DATA:
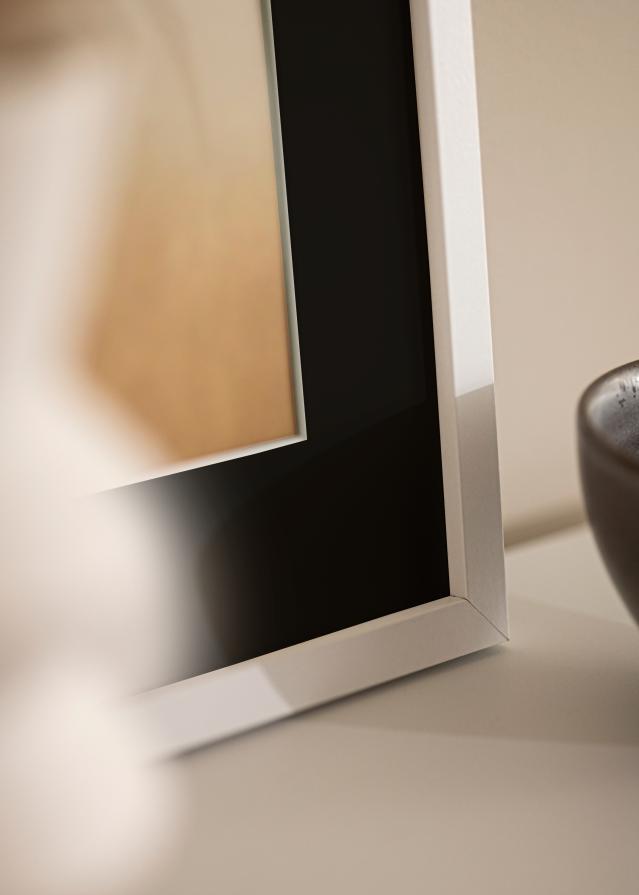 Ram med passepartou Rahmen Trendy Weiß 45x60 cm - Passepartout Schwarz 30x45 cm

---

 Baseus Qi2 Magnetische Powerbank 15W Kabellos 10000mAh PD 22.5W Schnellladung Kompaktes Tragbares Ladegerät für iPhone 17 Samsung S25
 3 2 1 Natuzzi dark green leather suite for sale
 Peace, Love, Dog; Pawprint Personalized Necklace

TASK STATEMENT: Starting at the line that contains "Baseus Qi2 Magnetische" and stopping after the line that contains "Peace, Love, Dog;", write out every line exactly as it appears above, and no other line.

TASK SOLUTION:
 Baseus Qi2 Magnetische Powerbank 15W Kabellos 10000mAh PD 22.5W Schnellladung Kompaktes Tragbares Ladegerät für iPhone 17 Samsung S25
 3 2 1 Natuzzi dark green leather suite for sale
 Peace, Love, Dog; Pawprint Personalized Necklace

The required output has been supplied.